Discussion in 'Mathematics' started by liverpoolcheesetoast, Dec 17, 2016.

  1. liverpoolcheesetoast

    liverpoolcheesetoast New commenter


    My school is based on the North West and I'm look for some comparions/guidance on the marks.

    We have just sat the full AQA Sample Assessment Set 3 with our year 11. We have used the online results service, but were still waiting for national percentiles.

    I'm a little concerned that our averages are low. Our middle of the road class (old C/D boundary) are getting 42% overall on the foundation and the average for the higher papers being 28% overall.

    Are people seeing a similar picture? What are people doing for grade boundaries?
  2. googolplex

    googolplex Occasional commenter

    For your Foundation paper CD borderliners, that seems about right. I reckon a 5 is coming in somewhere around 55/80 per paper, 4 about 40/80.

    Not sure about your Higher Tier results - need more context to compare, but our experience at Higher is that, for our arbitrary set of exam grade boundaries, set 1s will be feasting on grades 5-9 and anyone else is lucky if they get a 4, perhaps the odd 5 here and there. 7 boundary about 40/80, perhaps less. 4 would be around 16, 5 about 24, 6 about 32/80. I'm just basing these on previous mock results, and where they ended up. And there are big margins for error!

    I'm all for raising standards but fear we're about to create a new generation of students who hate everything about maths and are completely put off because there's just no reward for them, no chance of really getting into these papers and coping with the bulk of the questions.

    I don't know much about any other subject, but I'd bet that, for the vast majority of them, students are able to work through the entire papers and have a genuine attempt at every question. I know maths is slightly different, but these papers are pitched badly for the masses. Why can't the clever ones be stretched by the L2 Further Maths exam and the GCSE provide a higher tier where a far greater proportion stands a chance of getting something from the second half of the paper?
    strawbs likes this.
  3. strawbs

    strawbs Established commenter

    great post @googolplex - couldn't agree more. And don't forget about Trig on foundation - why??????????
  4. pi r squared

    pi r squared Occasional commenter

    Agree that it is not a topic for the students we would historically consider "foundation", but we are having to have a bit of a mindset change about which kids those are under the new GCSE. And rightly or wrongly, if things like trig weren't on the Foundation paper under the new GCSE, then we would effectively be back to the days of the old old Foundation papers that only went up to a D - ie. any student entered for Foundation being immediately condemned to not being able to achieve "a good pass" (DfE terminology not mine) no matter how well they fare in the paper.

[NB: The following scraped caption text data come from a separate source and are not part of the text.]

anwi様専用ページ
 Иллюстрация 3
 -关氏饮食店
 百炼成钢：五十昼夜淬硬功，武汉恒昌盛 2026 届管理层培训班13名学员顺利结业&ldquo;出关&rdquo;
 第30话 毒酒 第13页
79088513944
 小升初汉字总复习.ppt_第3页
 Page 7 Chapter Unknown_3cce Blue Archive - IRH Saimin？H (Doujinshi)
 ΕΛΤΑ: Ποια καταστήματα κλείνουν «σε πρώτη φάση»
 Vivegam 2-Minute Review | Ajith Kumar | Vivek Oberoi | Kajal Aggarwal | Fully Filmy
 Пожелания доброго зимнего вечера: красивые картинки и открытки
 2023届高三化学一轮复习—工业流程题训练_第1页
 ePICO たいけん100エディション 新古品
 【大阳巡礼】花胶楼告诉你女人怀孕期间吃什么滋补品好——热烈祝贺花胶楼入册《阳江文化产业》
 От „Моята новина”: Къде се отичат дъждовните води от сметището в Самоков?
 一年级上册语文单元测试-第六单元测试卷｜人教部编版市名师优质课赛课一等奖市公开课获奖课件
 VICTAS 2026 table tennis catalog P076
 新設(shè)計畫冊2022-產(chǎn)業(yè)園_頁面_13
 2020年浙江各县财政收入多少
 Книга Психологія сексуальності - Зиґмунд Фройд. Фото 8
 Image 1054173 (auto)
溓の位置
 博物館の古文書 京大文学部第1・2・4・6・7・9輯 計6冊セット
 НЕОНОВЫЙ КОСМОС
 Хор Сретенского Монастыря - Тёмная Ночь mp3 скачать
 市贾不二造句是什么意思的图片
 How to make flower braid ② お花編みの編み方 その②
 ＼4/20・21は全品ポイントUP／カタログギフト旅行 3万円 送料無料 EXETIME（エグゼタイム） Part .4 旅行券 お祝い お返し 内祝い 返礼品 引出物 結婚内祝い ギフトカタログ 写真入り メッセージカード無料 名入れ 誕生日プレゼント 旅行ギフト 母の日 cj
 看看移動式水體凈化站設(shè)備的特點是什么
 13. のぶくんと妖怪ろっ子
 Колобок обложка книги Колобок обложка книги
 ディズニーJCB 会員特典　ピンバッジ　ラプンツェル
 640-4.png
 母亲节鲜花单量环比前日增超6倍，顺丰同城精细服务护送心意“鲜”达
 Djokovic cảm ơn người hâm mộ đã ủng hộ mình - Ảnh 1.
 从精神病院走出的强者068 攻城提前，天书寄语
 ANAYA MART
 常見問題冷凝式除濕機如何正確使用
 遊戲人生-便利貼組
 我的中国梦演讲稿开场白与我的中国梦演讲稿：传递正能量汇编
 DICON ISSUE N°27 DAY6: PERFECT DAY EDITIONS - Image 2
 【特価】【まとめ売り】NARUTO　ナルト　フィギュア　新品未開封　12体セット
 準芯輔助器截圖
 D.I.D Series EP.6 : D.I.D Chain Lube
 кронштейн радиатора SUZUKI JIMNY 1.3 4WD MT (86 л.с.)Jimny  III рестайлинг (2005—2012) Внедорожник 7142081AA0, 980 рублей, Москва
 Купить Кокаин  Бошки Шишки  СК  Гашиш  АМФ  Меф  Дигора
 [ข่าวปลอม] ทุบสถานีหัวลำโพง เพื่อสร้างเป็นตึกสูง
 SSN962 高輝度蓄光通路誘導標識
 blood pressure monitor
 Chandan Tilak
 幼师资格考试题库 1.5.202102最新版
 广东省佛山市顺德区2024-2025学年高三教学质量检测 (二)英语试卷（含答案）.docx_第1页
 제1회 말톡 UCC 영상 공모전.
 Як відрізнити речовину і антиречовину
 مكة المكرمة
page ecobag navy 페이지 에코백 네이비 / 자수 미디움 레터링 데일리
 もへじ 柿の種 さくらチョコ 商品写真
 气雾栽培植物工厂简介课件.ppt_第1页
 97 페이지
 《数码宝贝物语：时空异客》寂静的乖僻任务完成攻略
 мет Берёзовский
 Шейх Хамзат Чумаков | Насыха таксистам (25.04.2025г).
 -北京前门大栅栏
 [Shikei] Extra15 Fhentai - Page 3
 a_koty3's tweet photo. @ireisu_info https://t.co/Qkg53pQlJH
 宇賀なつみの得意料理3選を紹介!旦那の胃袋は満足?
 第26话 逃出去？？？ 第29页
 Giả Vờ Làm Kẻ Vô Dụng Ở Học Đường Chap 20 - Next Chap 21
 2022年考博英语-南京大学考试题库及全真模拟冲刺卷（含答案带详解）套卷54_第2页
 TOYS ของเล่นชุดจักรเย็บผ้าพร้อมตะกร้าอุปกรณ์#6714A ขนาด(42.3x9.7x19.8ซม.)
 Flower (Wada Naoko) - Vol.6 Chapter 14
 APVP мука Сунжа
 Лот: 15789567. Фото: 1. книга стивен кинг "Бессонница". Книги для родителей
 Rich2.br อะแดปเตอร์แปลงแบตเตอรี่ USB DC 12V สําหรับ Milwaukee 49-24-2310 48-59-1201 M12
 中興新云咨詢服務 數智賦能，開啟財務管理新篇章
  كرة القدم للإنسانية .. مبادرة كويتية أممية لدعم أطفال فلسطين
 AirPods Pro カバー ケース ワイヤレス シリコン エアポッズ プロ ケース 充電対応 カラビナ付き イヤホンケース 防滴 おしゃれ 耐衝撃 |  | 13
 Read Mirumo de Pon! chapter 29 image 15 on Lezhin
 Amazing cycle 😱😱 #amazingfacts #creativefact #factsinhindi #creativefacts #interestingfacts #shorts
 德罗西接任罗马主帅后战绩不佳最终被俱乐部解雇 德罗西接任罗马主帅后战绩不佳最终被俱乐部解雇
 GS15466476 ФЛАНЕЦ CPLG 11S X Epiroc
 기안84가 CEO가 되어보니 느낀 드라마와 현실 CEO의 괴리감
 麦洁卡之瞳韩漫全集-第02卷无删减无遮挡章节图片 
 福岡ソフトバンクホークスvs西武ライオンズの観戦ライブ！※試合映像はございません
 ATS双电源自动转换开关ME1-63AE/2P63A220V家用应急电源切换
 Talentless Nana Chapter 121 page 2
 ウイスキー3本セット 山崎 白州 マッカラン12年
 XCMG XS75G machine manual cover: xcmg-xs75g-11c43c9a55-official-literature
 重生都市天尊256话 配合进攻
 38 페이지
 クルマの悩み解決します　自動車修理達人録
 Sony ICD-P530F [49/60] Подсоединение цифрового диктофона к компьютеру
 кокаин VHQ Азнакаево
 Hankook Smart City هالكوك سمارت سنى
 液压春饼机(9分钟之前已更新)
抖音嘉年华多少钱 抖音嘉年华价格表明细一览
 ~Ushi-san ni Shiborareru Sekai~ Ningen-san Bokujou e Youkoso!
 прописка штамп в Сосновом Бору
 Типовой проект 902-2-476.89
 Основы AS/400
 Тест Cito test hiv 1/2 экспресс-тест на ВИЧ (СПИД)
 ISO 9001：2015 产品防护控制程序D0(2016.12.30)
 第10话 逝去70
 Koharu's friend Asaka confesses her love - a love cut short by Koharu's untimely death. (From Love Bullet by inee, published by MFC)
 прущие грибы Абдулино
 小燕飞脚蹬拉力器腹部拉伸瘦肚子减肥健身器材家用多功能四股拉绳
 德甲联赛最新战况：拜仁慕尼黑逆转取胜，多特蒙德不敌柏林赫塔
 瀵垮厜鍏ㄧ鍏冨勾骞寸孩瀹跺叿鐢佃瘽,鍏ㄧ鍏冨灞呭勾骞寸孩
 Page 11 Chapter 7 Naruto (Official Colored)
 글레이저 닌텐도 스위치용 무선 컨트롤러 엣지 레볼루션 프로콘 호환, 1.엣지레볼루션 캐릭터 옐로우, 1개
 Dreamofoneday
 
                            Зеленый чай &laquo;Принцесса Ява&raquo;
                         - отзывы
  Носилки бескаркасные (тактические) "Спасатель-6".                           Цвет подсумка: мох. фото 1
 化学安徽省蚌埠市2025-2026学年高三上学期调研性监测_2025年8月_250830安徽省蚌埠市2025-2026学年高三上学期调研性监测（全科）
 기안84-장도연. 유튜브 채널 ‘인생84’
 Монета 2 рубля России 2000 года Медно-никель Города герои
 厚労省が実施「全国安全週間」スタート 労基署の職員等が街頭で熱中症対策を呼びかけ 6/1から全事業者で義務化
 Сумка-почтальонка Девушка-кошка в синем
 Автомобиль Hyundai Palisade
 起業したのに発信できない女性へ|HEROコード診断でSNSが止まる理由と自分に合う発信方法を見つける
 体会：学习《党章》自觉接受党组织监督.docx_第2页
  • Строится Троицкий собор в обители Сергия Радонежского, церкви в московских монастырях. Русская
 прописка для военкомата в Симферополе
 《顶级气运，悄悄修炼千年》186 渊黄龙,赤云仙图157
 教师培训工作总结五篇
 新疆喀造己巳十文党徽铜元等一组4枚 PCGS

    As for the boundaries for the AQA set 3, we have currently gone with the same as we used for set 2, which were a collaboration across a handful of schools in Northants:

    They're not wildly different from Googolplex's suggestions, which is reassuring for both parties, although they don't match so well at the top end. It's quite scary what a s**tty deal we're currently giving to our Y11s up and down the country where kids who sit the exact same paper are being given different (and in some cases, *cough*PiXL*cough*, wildly different) indications of where they are currently working, and no way of knowing which indication is correct.